Um dos maiores problemas enfrentados pelos estudantes, e eu me coloco nesse meio
quando recordo as dificuldades iniciais com números e outros conceitos um tanto quanto
abstratos, é que a capacidade de exemplificação de cada professor era o que nos fazia aprender ou não os conceitos dados. Foi a partir de meus estudos sobre a história grega, que conceitos como o dos teoremas clássicos ficaram mais claros. O fato de saber como viviam e como pensavam, me proporcionou um maior entendimento sobre seus cálculos, que eram uma incógnita à época em que os aprendi, pois não lhes conhecia a utilidade. Da mesma forma, um professor que não domina os conceitos culturais de seus alunos, não consegue, na maior parte das vezes, fazer-se entender a contento. Não porque os alunos sejam ignorantes, longe disso, mas simplesmente porque sua realidade cultural é tão diferente da do professor, que os dois não conseguem falar a mesma língua, mesmo ela sendo o português. São os assim chamados ruídos da comunicação.

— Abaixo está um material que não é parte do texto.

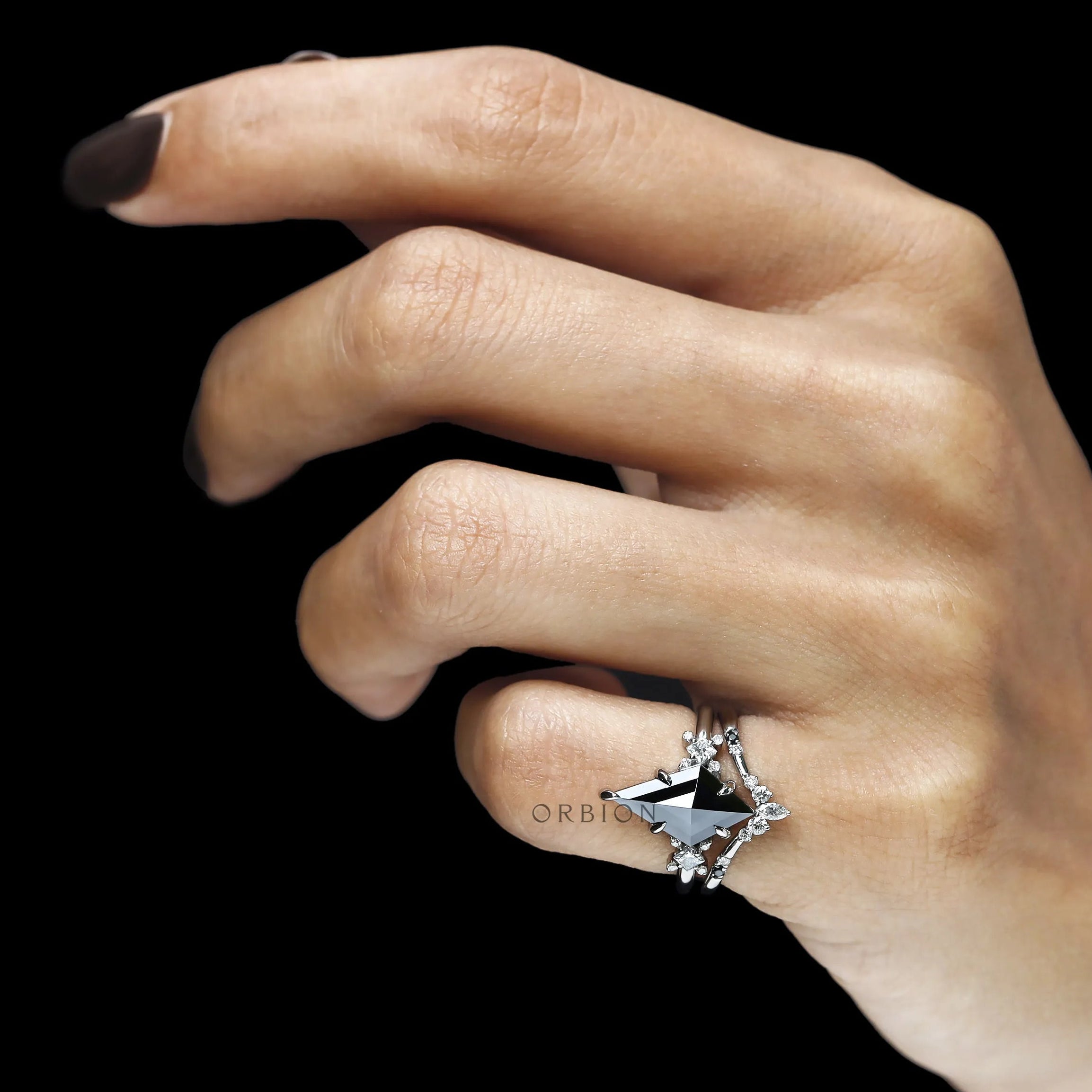 Statement black gemstone bridal ring set with kite cut moissanite and platinum wedding band design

Nas palavras de Ubiratan D’Ambrosio, professor dos programas de Pós-Graduação em História da Ciência e em Educação Matemática da PUC de São Paulo:  “o Brasil destacou-se juntamente com os Estados Unidos, pelo potencial da etnomatemática na educação. Em sintonia com o pensamento de Paulo Freire, ela demonstrou que, além da importante pesquisa sobre o saber e o fazer matemático de várias culturas, abordado nas dimensões etnográfica, histórica e epistemológica da etnomatemática, dá-se igual importância à dimensão pedagógica, uma vez que ela propõe uma alternativa à educação tradicional(2005, pág. 9). ” A idéia, portanto, não é de desprezar o saber acadêmico tradicional, mas sim de, complementá-lo quando necessário, com uma abordagem etnológica, a fim de aproveitar  os conhecimentos dos alunos como feedback para a reestruturação do conceito pedagógico utilizado.

Dessa forma, a EJA, além de ser um modelo pedagógico indispensável para vencer o
desafio do analfabetismo brasileiro de uma vez por todas, também pode ser considerada uma metodologia base para a formação de alunos e professores para os níveis elementar e médio. Dessa forma, esses docentes poderão entender melhor e vencer as barreiras de aprendizagem de seus alunos. Afinal, o que se deseja é que as pessoas aprendam a aprender. Só assim o conhecimento poderá ser multiplicado e plenamente utilizado. Isso vem diretamente ao encontro do interesse nacional em aumentar a produtividade e a
competitividade do país ao nível internacional.